Dataset extract —
++++++++++

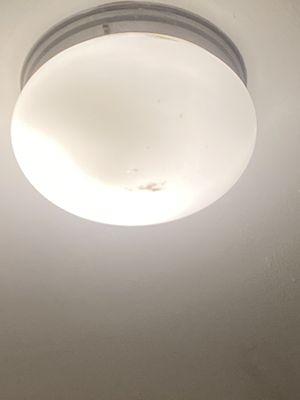 Debris in the light fixtures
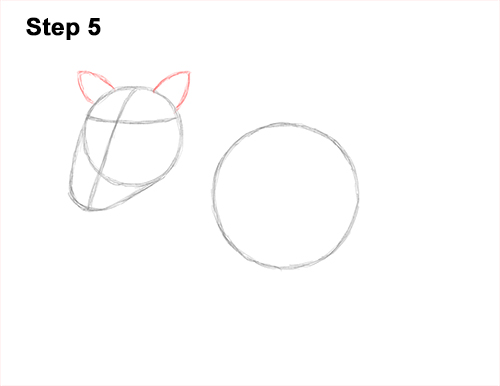 Draw a Warthog 5 How to Draw a Common Warthog Pig 5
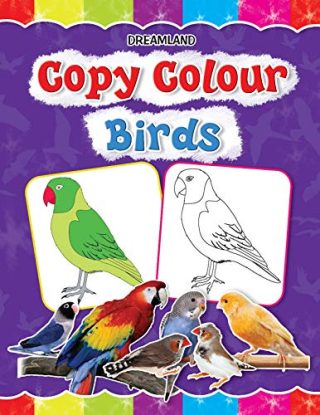 Dreamland Copy Colour - Birds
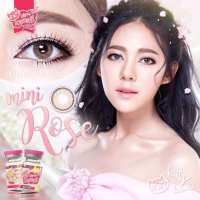 คอนแทคเลนส์ Kitty Kawaii Mini Rose(Gray,Brown) ค่าสายตา 0.00 ถึง -10.00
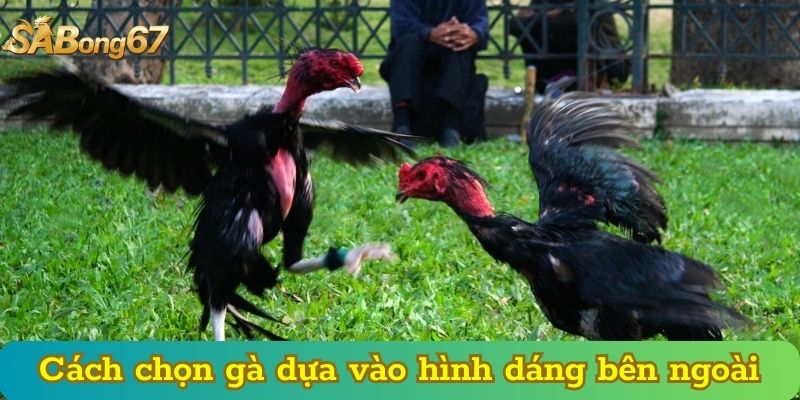 Cách chọn gà dựa vào hình dáng bên ngoài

++++++++++

How to complete this task —
Keep out the pictures, and copy exactly the lines from the one that contains "คอนแทคเลนส์ Kitty Kawaii" through the final line of the records above, both ends included.

Written response —
 คอนแทคเลนส์ Kitty Kawaii Mini Rose(Gray,Brown) ค่าสายตา 0.00 ถึง -10.00
 Cách chọn gà dựa vào hình dáng bên ngoài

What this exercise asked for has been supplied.